I’ve had some conversation with a few friends about my endeavor to train a reinforcement learning (RL) agent to play Nintendo games. What I found was that few people really understand the RL part. So I think it’d be good if I elaborate on it a little bit.
I’d start by borrowing the following slide from David Silver’s presentation. David Silver is one of the lead developers at Google DeepMind. He co-authored DeepMind’s paper on a general AI agent to play Atari games, which I also cited in my earlier post.
What I’m trying to do is similar to DeepMind’s Atari RL agent. I want to train the same AI agent to play on, instead of a software emulator, a real Nintendo console.
- The RL agent is a Torch7 program running on Jetson TX1.
- The environment is the game presented by the physical Nintendo Famicom Mini console. I’ve chosen the ‘Galaga’ game to work with first.

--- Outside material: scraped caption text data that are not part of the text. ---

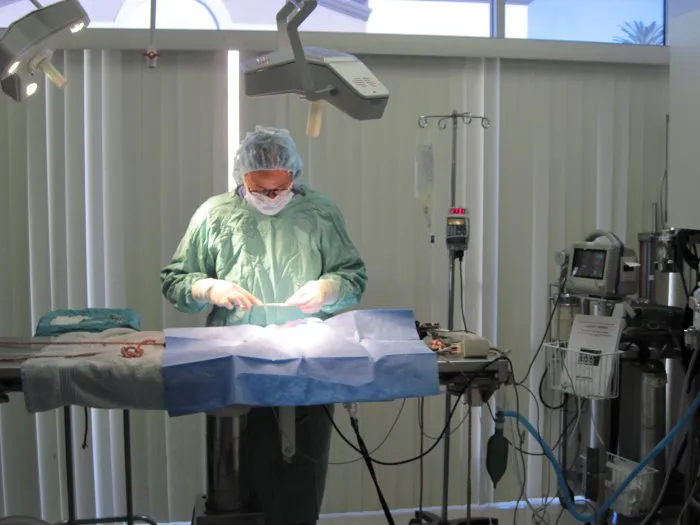 VCA A Breed Apart Animal Hospital Picture 5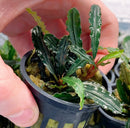Bucephalandra Godzilla: dark green wavy leaves with white variegation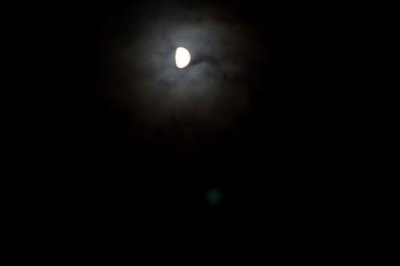 ​老人们所说的鬼火，其实就是磷火，不知道有多少人见过？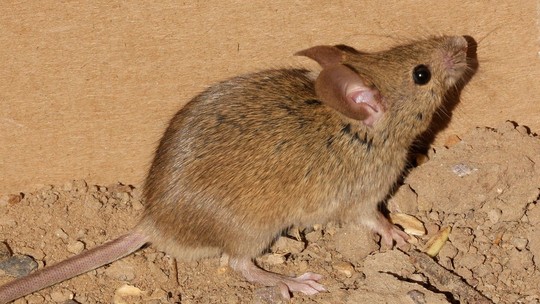 Cientistas criam camundongos com cérebros híbridos de rato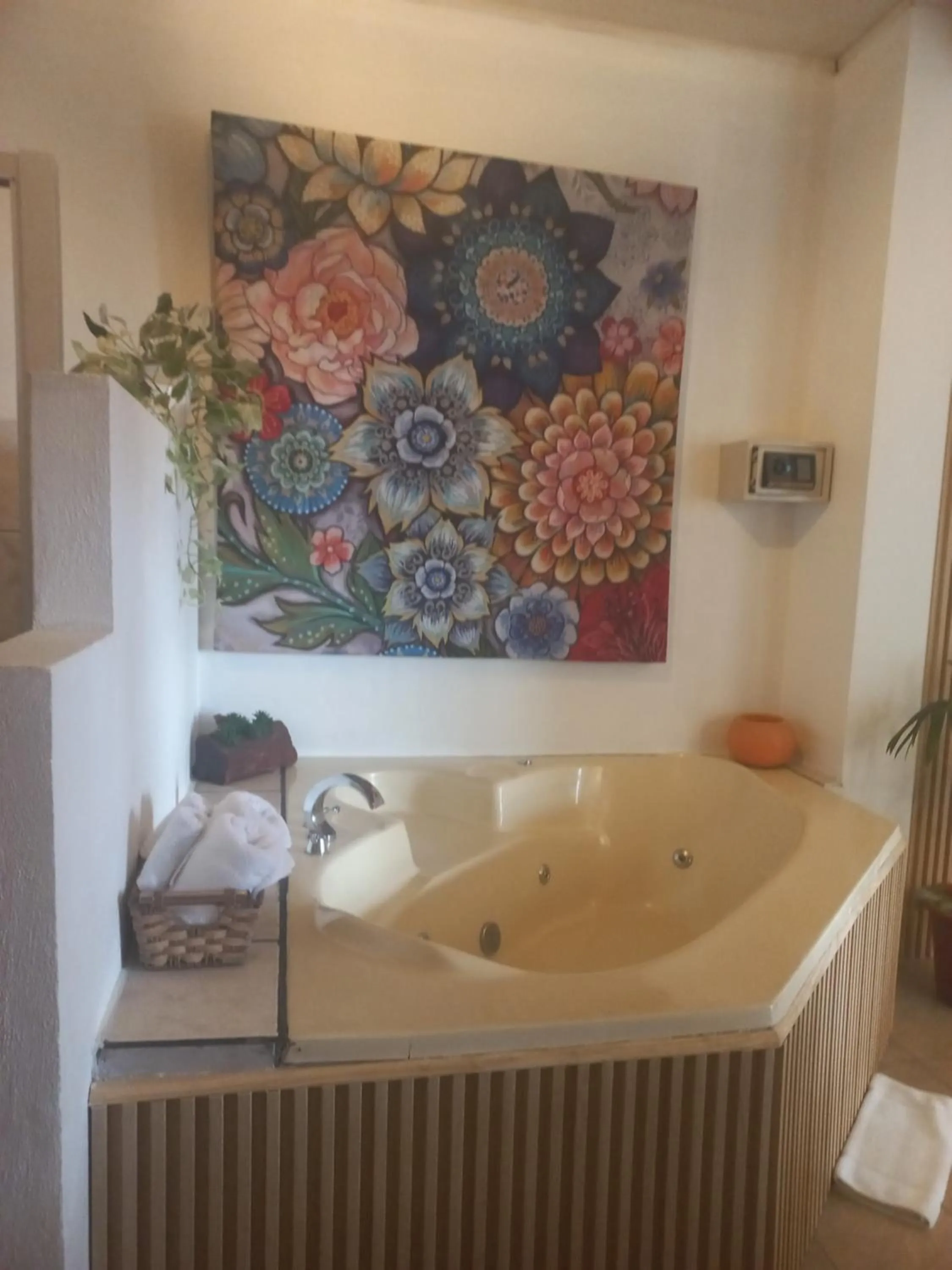 Photo of the whole room in Hotel Las Colinas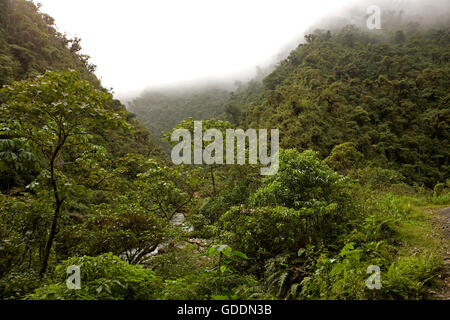 Rainforest in Manu National Park, Peru Stock Photo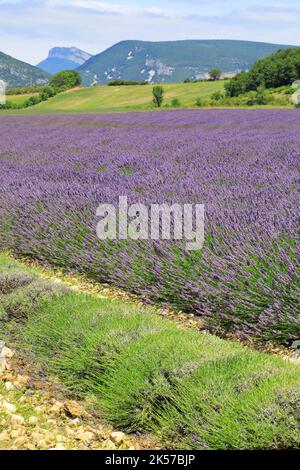 Francia, Drome, Drome provenzale, Charols, campo di lavanda al momento del raccolto Foto Stock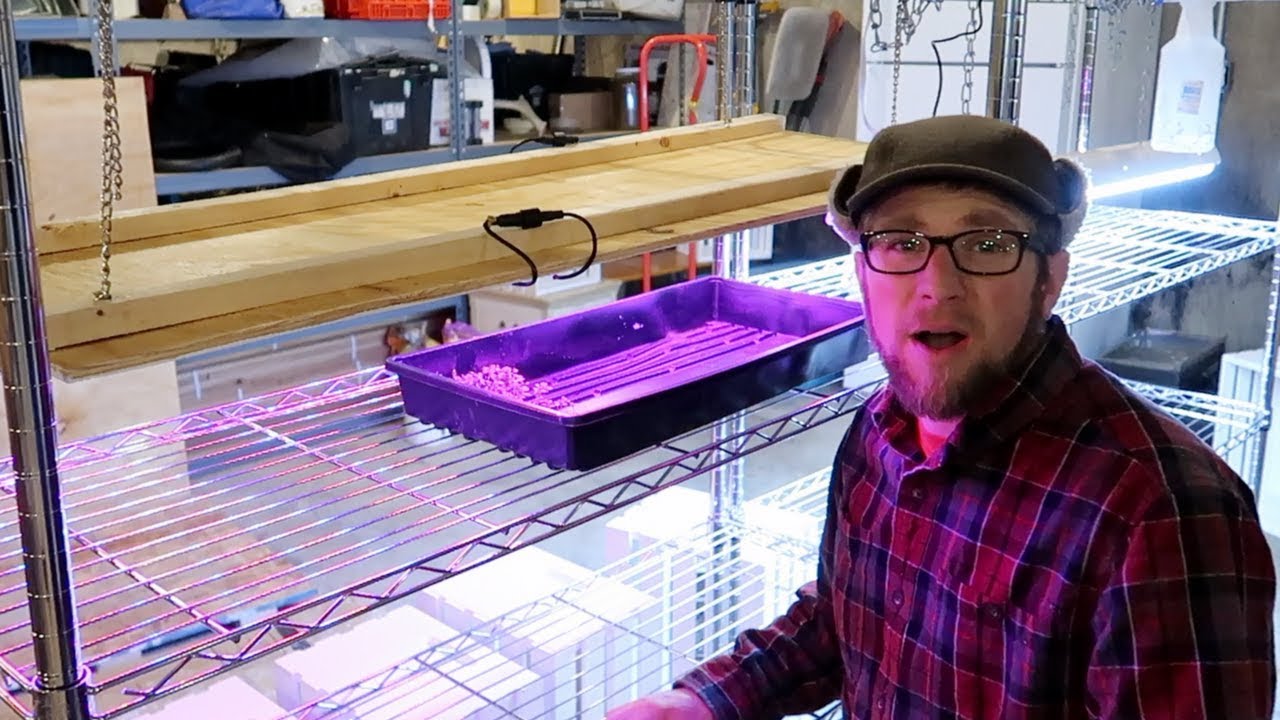 Best LED Customizable Grow Light System (Solmore LED Grow Lights)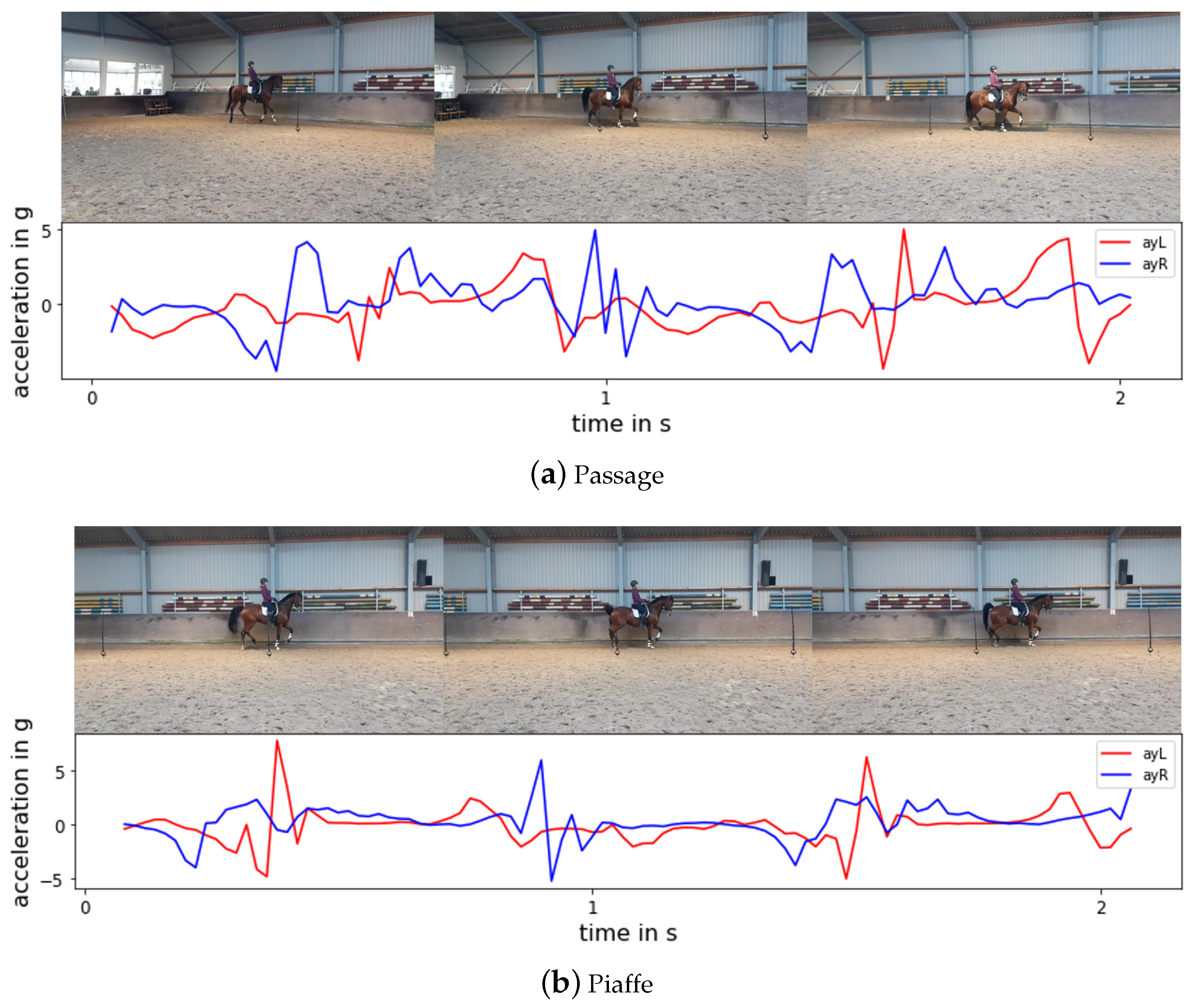 Animals 11 02904 g014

- Nintendo Famicom Mini outputs HDMI video to TX1. The RL agent can extract from the HDMI video both the ‘state’ (game image) and the ‘reward’ (game score, number of remaining lives, etc.).
- On ther hand, the RL agent takes ‘actions’ (moving left/right or firing bullets) by altering TX1 GPIO signals, which would be hooked up to the joystick of Nintendo.
- The goal of the RL agent is to ‘maximize the score of the game (the reward)’. It learns that by exploring different states/actions and looking at the reward signals. Whenever it gets a positive reward, it knows that it has done something right in the previous state/action sequence, and it shall take the same action if it encounters similar state sequence again. In this way the RL agent gets to play the game better and better over time.
I’ve been calling this ‘RL agent’ as ‘AI agent’, ‘DQN’ or ‘Deep Q Learner’ interchangeably, because the reinforcement leanring (RL) agent is indeed an aritificial intelligence (AI) agent which is implemented by a Deep Neural Network approximator of Q-functions. I can probably explain Q-functions (of reinforcement learning) better in another later post. But here is how it looks like for the Nintendo/Atari game agent. This diagram is from the original Nature’s paper by DeepMind.
- In the diagram, input to the Deep Neural Network is raw image of the game (‘state’), and output are ‘Q-values’ of all possible ‘actions’.
- The Deep Neural Network consists of a couple of Convolutional Layers, which are efficient for processing images.
- A “Q-value” measures how good it is to take a particular ‘action’ in current ‘state’. So when the RL agent has learned how to play the game (i.e. has learned a good ‘Q-value’ approximator), it would subsequently pick every time the action with the highest estimated ‘Q-value’ in order to maximize its score.
- The learning process involves updating Neural Network weights based on ‘temporal difference (TD)’ updates on the ‘Q-values’.
Hopefully this post helps to clarify RL and DQN a little bit…